**TASK OBJECTIVE**
Transcribe, starting at the line with "Granite pot with" and ending at the line with "Set da Pranzo", every line of the material below exactly, but leave out the pictures and anything outside that span.

**MATERIAL FOR THIS EXERCISE**
□ □ □ □

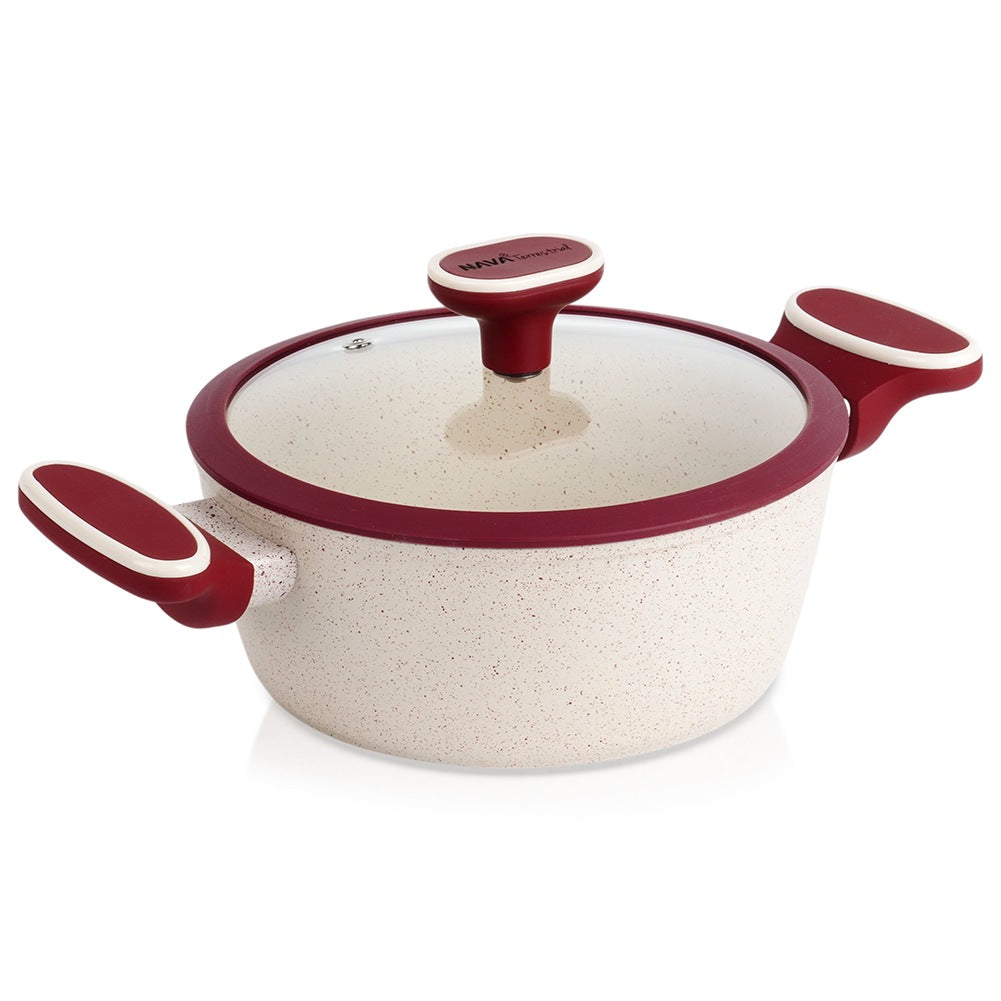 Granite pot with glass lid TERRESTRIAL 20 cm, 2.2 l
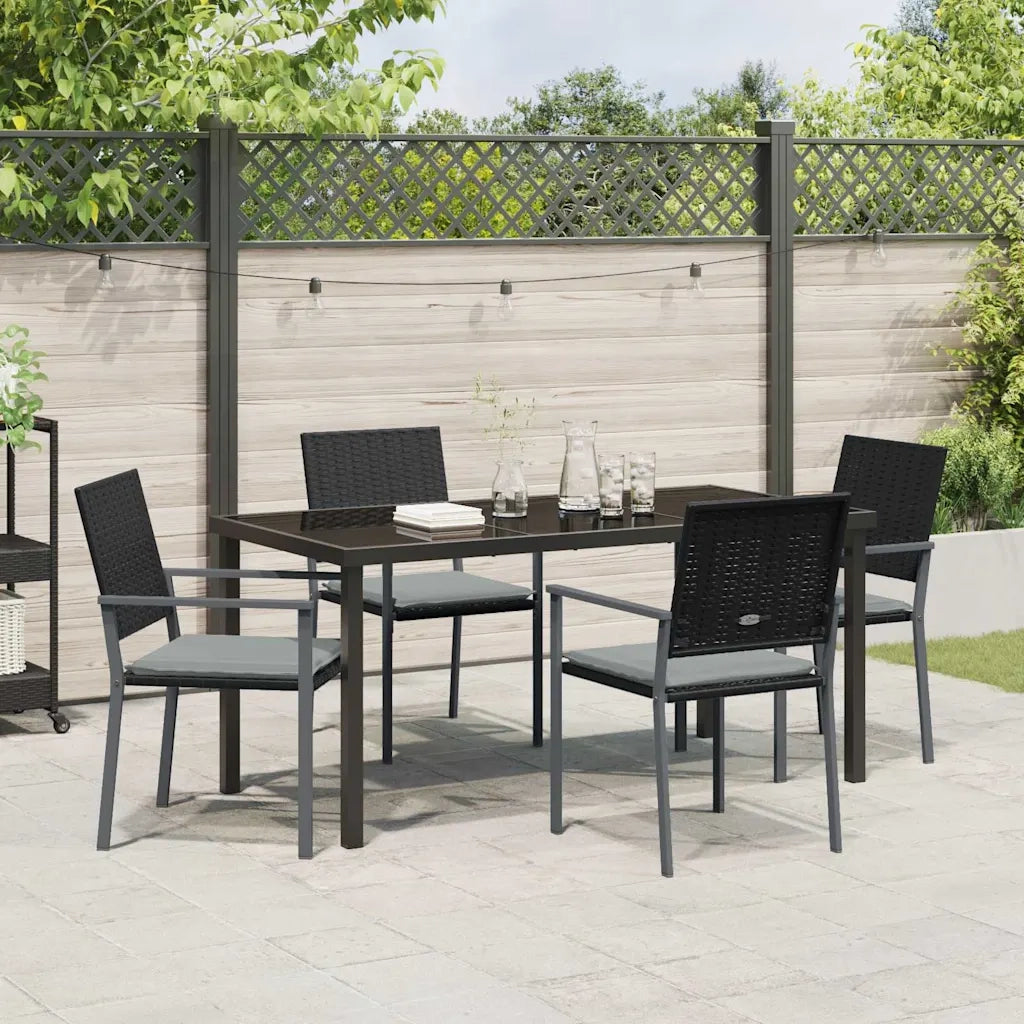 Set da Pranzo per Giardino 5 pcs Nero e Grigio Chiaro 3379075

□ □ □ □

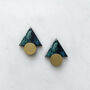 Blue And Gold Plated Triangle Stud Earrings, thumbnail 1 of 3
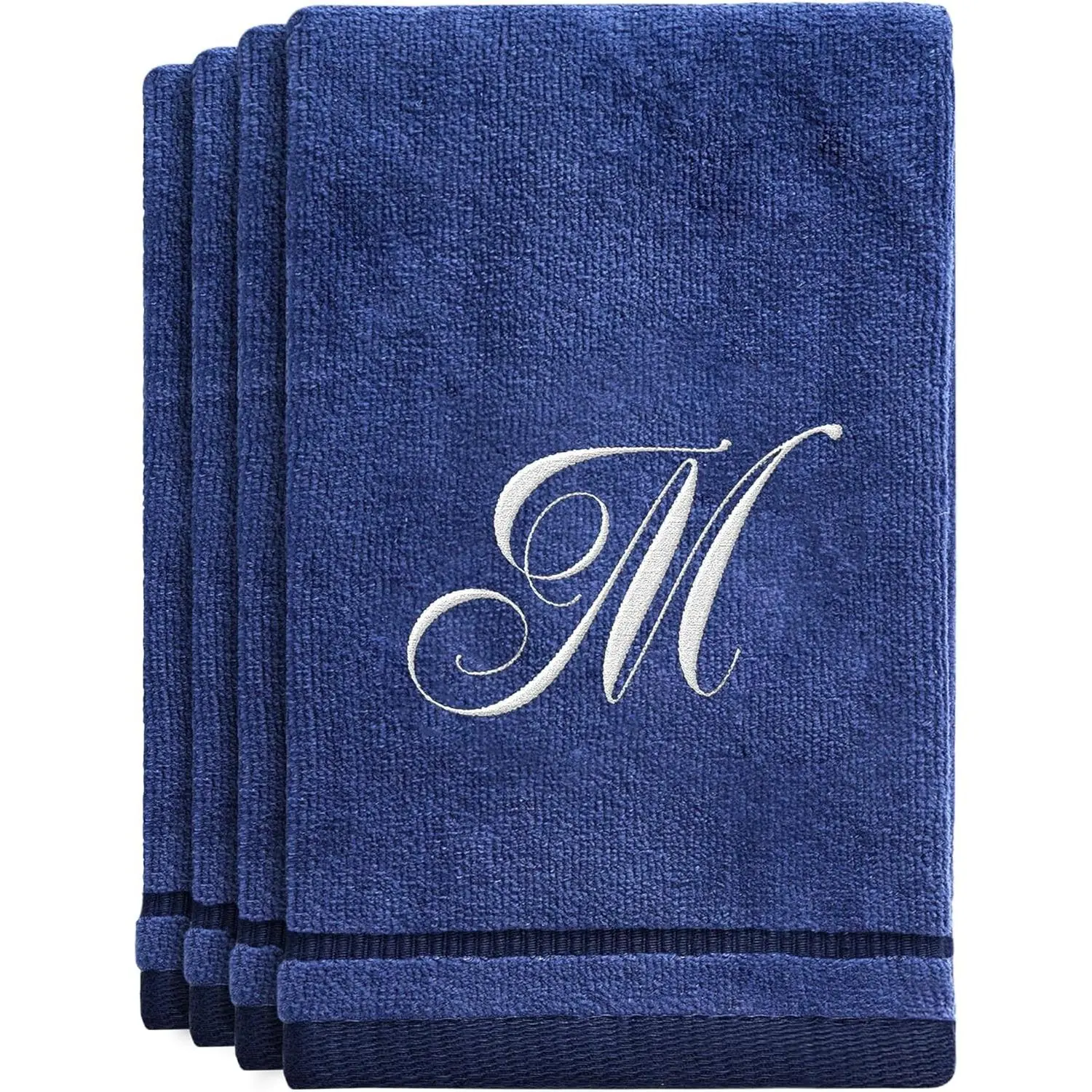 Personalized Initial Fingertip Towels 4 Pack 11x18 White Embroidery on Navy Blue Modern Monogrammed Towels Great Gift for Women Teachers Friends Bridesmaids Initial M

□ □ □ □

**RESULT**
 Granite pot with glass lid TERRESTRIAL 20 cm, 2.2 l
 Set da Pranzo per Giardino 5 pcs Nero e Grigio Chiaro 3379075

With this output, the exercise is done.